Oil prices and peace talks
The speech also included an interesting and quite personal passage: “Before I came here,” Obama said, “I met with a group of young Palestinians from the age of 15 to 22. And talking to them, they weren’t that different from my daughters. They weren’t that different from your daughters or sons. I honestly believe that if any Israeli parent sat down with those kids, they’d say, I want these kids to succeed.”
This personal rhetoric is reminiscent of the rhetoric in a famous speech by Ronald Reagan, his “Address to the Nation and Other Countries on United States-Soviet Relations” delivered on January 16, 1984. As the Republican president argued: “Suppose with me for a moment that an Ivan and an Anya could find themselves, oh, say, in a waiting room, or sharing a shelter from the rain or a storm with a Jim and Sally, […].Before they parted company, they would probably have touched on ambitions and hobbies and what they wanted for their children.”
Of course this is just rhetoric, but there might be some substantive commonalities between Obama and Reagan in relation to the peace process.
Over the last forty years, many notable advancements in the Israeli-Palestinian peace process have been reached during periods of low or stagnating oil prices. The Camp David accords of 1978 (brokered by Jimmy Carter) came after the 1973 oil crisis and after four years of oil price stagnation. The Oslo Accords of 1993 also fell into a period of stagnating oil prices (prices spiked only for a brief period during Operation “Desert Storm”). Conversely, the negotiations of Camp David in 2000 failed while oil prices were booming.
This is not to suggest that there is a perfect causality between oil prices and the peace process (luckily I am not an economist!), but there might be a correlation. Obama has to face a scenario in which regional oil-fueled powers try to influence the Israeli-Palestinian balance. For example, Iran is flexing its muscle through its connection to the Syrian criminal leadership and to Hezbollah in Southern Lebanon. Russia, dependent on fossil fuel, backs the Iranians. Moscow has had a foothold in the region since the first Iranian Crisis in 1945/46 and, understandably, does not want to see its influence diminish.

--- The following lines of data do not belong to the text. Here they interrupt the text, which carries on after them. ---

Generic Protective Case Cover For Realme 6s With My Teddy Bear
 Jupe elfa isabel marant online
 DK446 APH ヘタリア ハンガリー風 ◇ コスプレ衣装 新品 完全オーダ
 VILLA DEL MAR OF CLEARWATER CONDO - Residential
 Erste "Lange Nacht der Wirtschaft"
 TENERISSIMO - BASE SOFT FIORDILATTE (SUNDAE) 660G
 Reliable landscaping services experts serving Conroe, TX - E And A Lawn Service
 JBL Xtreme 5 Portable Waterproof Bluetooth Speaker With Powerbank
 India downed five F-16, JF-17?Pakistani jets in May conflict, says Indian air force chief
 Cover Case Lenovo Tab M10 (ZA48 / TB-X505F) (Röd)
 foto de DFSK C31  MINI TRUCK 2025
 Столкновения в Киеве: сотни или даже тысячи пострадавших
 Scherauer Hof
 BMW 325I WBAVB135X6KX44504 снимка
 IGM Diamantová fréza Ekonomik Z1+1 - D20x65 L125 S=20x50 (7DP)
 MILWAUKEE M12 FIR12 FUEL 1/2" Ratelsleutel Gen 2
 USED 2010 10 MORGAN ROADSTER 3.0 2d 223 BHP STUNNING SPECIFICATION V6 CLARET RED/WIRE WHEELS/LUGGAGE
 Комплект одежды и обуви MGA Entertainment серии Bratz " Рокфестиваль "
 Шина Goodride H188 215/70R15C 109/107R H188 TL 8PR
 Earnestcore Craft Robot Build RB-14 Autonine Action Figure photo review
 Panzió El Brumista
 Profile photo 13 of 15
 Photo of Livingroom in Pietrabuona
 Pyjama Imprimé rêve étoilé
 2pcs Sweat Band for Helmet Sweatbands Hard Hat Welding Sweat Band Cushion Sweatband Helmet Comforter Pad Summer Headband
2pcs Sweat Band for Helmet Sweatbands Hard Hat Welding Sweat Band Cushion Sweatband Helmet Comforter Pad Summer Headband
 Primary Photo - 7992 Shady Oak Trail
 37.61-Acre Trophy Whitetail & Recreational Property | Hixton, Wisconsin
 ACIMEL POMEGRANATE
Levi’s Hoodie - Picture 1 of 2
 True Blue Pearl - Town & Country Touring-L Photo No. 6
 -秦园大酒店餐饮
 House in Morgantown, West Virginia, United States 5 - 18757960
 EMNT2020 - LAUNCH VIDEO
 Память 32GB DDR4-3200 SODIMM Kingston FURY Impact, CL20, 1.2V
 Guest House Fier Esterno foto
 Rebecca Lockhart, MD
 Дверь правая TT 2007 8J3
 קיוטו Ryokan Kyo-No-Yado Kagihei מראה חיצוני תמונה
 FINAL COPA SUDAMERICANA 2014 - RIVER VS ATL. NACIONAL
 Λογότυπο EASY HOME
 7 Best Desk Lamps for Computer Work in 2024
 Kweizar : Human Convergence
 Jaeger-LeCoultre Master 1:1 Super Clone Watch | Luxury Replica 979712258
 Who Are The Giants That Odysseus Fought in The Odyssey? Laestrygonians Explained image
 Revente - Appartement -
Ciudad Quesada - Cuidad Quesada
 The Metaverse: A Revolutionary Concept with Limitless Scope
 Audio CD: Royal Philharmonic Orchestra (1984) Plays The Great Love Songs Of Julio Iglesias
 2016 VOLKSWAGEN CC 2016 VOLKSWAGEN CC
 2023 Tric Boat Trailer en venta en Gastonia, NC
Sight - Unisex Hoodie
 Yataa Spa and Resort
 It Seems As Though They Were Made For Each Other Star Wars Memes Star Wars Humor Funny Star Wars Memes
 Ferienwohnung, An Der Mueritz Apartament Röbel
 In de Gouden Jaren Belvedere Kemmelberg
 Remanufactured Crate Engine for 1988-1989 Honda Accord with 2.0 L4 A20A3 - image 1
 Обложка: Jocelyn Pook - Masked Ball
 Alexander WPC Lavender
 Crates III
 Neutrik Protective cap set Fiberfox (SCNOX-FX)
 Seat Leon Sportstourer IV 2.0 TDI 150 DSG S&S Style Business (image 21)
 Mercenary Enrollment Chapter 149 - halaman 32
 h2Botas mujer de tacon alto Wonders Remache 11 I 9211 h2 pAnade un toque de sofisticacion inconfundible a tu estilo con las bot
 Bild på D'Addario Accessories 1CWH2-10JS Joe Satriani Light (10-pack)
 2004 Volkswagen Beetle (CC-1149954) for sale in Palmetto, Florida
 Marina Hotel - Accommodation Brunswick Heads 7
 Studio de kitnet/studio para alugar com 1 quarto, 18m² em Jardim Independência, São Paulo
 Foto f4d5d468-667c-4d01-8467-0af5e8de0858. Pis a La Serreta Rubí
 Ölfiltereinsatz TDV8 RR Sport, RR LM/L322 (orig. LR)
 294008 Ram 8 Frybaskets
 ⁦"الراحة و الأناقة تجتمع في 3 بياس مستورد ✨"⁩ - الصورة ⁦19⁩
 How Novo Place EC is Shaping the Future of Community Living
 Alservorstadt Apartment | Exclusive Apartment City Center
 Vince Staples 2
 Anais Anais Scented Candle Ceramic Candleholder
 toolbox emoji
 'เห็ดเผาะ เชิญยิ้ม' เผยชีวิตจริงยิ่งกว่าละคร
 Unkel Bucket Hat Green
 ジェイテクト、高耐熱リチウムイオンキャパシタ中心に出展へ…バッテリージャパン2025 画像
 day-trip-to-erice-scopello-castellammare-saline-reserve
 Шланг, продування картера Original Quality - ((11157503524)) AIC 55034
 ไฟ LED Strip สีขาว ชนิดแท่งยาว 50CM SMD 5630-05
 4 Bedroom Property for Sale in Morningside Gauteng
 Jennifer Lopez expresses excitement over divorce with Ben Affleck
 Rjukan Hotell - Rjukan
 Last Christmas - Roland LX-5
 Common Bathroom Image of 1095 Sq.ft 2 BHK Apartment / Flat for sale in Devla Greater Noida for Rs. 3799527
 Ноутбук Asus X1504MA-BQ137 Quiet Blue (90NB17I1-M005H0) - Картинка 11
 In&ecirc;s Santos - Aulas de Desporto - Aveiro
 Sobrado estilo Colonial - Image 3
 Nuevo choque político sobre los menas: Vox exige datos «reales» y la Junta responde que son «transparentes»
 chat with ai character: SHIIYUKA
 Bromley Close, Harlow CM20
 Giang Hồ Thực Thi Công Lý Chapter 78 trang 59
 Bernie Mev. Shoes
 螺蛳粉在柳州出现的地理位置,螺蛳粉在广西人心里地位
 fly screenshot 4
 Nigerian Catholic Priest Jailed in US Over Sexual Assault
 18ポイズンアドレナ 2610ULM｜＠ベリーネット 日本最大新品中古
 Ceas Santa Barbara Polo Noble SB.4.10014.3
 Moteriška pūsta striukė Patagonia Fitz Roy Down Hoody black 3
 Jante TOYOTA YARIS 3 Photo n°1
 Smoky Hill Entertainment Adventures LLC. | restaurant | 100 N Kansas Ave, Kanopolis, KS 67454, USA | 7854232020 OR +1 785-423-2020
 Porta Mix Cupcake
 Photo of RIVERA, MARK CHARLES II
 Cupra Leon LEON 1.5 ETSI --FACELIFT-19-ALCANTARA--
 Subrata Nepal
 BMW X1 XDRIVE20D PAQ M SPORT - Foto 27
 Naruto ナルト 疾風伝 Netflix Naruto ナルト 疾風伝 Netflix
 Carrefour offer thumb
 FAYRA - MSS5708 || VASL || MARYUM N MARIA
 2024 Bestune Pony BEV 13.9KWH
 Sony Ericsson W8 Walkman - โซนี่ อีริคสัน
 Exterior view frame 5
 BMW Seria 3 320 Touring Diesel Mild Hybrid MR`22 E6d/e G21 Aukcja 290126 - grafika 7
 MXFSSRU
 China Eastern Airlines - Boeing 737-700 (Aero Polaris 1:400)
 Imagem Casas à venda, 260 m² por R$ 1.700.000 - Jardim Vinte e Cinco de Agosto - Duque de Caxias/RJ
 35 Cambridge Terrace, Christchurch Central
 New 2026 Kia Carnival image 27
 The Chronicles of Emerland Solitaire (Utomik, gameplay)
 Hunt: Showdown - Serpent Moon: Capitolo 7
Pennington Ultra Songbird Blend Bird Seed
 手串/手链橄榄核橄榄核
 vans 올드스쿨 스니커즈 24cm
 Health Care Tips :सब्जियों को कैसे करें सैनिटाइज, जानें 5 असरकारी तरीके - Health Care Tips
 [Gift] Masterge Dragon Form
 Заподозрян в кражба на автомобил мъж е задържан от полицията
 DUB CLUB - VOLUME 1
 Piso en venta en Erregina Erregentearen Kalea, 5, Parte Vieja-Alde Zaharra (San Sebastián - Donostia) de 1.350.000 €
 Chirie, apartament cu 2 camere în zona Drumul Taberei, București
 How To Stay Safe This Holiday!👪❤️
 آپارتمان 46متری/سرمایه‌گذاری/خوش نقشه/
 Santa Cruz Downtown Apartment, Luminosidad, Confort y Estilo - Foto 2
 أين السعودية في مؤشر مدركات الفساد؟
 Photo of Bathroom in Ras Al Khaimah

Yet sliding oil prices may help to contain the ambitions of regional powers and the Russians. The forecast isn’t as gloomy as it might appear: New oil reserves are being tapped in the US and have increased the oil production in less troublesome regions of the world. Additionally, the Americans are working to partially substitute shale gas for oil. These developments have contained oil prices and have led to forecasts that predict decreasing prices over the coming years.
A new American leadership
Obama’s America now enjoys low oil prices because of generous permits for new domestic drilling projects. The strategy is similar to one pursued by Reagan in 1981, which eventually led to a colossal price collapse in May 1986. Reagan’s collapse was interpreted by some (most notably Peter Schweizer) as an anti-Soviet Strategy, whereas the real thing was reducing energy prices at home. If low prices “hastened” the downfall of the USSR, this was an accepted and positive side effect. Similarly, Obama’s lax regulation in the energy sector is bringing energy prices down, and may have as its by-product good conditions for peace talks.
In 1986, the main issue in the Middle East was the invasion of Afghanistan by the Red Army. As the Soviets became more and more cash-strapped, they called their soldiers home – and discouraged soldiers returning to the “Stan” republics in Central Asia contributed further to Soviet fragmentation. Towards the West, the Berlin Wall fell. But the unification of the city wasn’t really decided in Berlin – it was decided in Moscow during a period of Soviet weakness.
Similarly, the Israeli-Palestine issue will not be solved in Jerusalem. A solution requires the weakening of the forces that contribute to hatred and violence. Low oil prices constitute a favorable condition (although they aren’t the only necessary condition). It’s fashionable to talk about America’s disengagement in the region. But increasing US energy independence might thus create an opportunity for Washington to assume a new leadership role in the Middle East.